When my housegroup got together last week, we skyped with a
couple who are spending a few months several states away with family. Michael
and Terese and their kids are very much missed, and we wanted to connect with
them and support them as they spend time with family members in difficult
health situations.
We chatted about how they are doing and what we are all up
to for a while, and then asked to pray for them. They asked one of us to scoot
in closer so she was in the camera’s range, and the person who was going to
pray made sure he was close in and in front of the camera, too. Then we all, on
both ends of the skype, closed our eyes and prayed.
Now, I’m not going to argue that you have to close your eyes
to pray. You don’t. But many of us do, and it struck me that after carefully
arranging ourselves so everyone was included in the shot and could be seen, we
all proceeded closed our eyes.
Why did it matter that we could all see each other if we
were closing our eyes anyway?
Because without even thinking about it, we wanted to be together, to be present with each
other before our Father.
Christians (as well as those who aren’t, I’m sure) tend to
be confused about presence. On the one hand, we can have a neo-gnostic
tendency to treat embodiment as only minimally important, since it’s the “spiritual”

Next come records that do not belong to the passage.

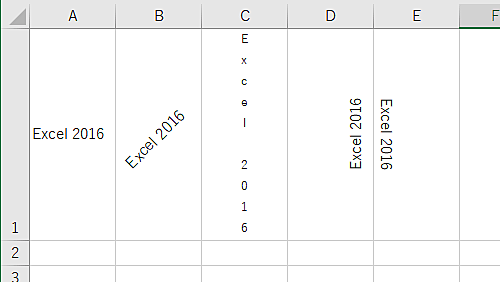 標準では「横書き」に設定されていますが、「縦書き」や「左回りに回転」などに変更することができます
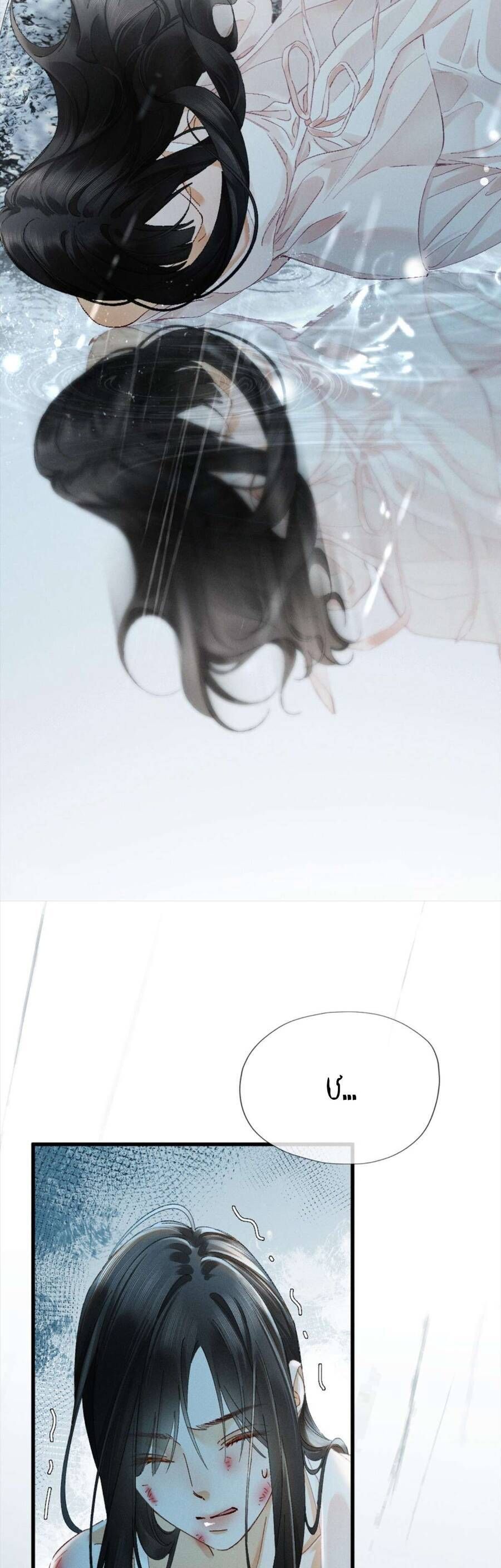 Sa Vào Cạm Bẫy! Chap 31 - Next Chap 32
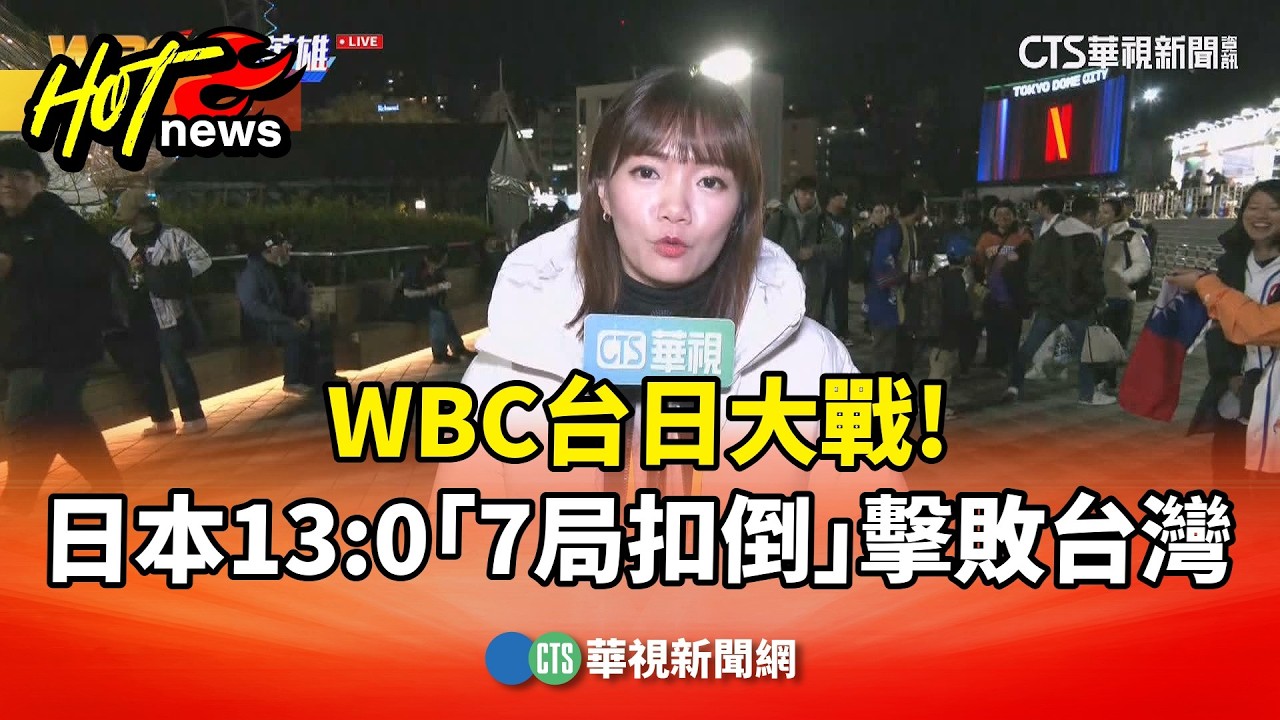 WBC台日大戰!　日本13:0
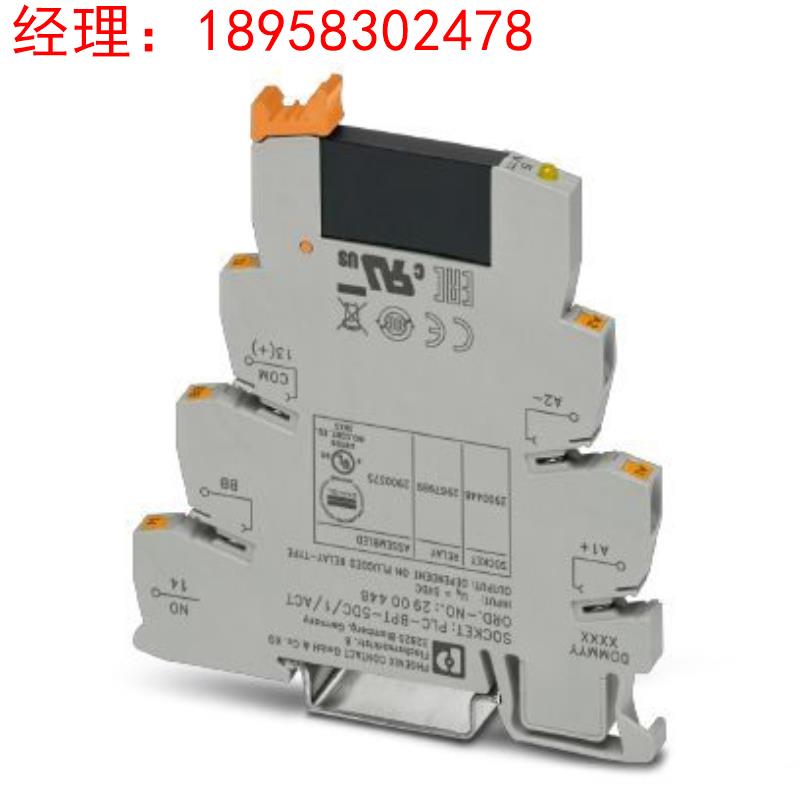 菲尼克斯固态继电器模块 - PLC-OSC- 24DC/ 48DC/100 - 2966728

life that really matters. It’s part of a tendency to minimize physical
reality and our bodies, if not to see them as an outright hindrance.
This
shows up perhaps most strongly in the ways we treat marriage as the only “safe”
place to be embodied; our physicality is under suspicion in all other
relationships. But it also shows up in our culture’s readiness to treat our
physical selves as no more than accessories for our “real” selves, accessories
that can be adjusted and changed (with enough money) to match our latest mood
or the most current fashion.
But we are fully physical as well as fully
spiritual beings, and our bodies are an essential part of our selves.
Other strands of faith and practice elevate embodiment,
prioritizing the physical proximity of the community in a geographic area.
There’s an encouragement to live life together and to resist an
individualism-based lifestyle that pulls people on their own trajectory
regardless of the consequences to their geographic community, to those they
share life with.
But in encouraging something that is good, this approach often misses something about presence, as well, I think. In
idealizing a kind of pre-automobile, pre-easy-transportation lifestyle, it diminishes both
the realities of the world we live in and how real presence is happening in new
ways.
I’m not about to say that being physically present with
friends and community doesn’t matter. But I am saying it’s not the only thing that really matters. It’s not
the only path to real relationship and real intimacy, and it’s not the only
kind of real presence.
The world most of us live in has a different geography than the one we learned about in school. In our everyday lives, we navigate a relational
geography. It is described by the relationships we engage with more than
the address where we sleep at night.
For me, it includes the people I work
with, my housegroup and to a lesser extent others in my church community,
family members across the southeast who I talk with regularly by phone, and friends
– some of whom live only blocks away and some of whom states away – who I
engage with regularly. That engagement happens on facebook and by email, by text and by chat, on the
phone and sometimes in person, and mostly by a mix of all those methods.
The
friendships that are most consistently in my life, that comprise my closest “neighbors”
in relational geography, flow seamlessly between texts, calls, emails, and
in-person connections on an almost daily basis.
Part of the reason they are so close is that they are
present with me in so much of my life, no matter where they are physically at the time.
And part of the reason other friends who live further away
are still part of my relational geography at all is because of their presence
in my life solely by virtual means. They are still really present, and my relationships with them are no less real because I rarely if ever see them
in person.
The virtual world isn’t an imaginary place with imaginary
relationships. It is a means to engage in real relationships with real
people.
Those real people lie sometimes, but they also love. They hurt others,
and they are hurt. And they likely do all those same things in their off-line
relationships.
The beauty is that the virtual world creates a new place for
us to connect – really connect – with
people we wouldn’t or couldn’t connect with otherwise. That is also the
challenge. It can stretch us if we let it, and it can expand our lives in ways
we cannot imagine. The other doesn't always live next door.
How many people have discovered they are not alone online?
How many have found the courage to own their wounds? To ask for help? To offer
help? Like all real community, such positive outcomes aren’t always the case.
Some also find the freedom to lash out, to take advantage of the vulnerable, to
run from hard realities into a fantasy.
But none of that is any less true in “real life.”
In fact, it is all true in the virtual world precisely because it is true in real life. The
choices we make to be really present to others in the virtual world will
reflect the choices we make to be really present in all of life
We can choose to avoid that. We can choose to avoid the virtual world nearly entirely. But that won't get us off the hook of working to be really present any more than avoiding the "real" world in favor of a virtual world will.
The real question isn't will we engage the virtual world or not. The real question is are we willing to live in a world - virtual or "real" - that's big enough to hold the other as well?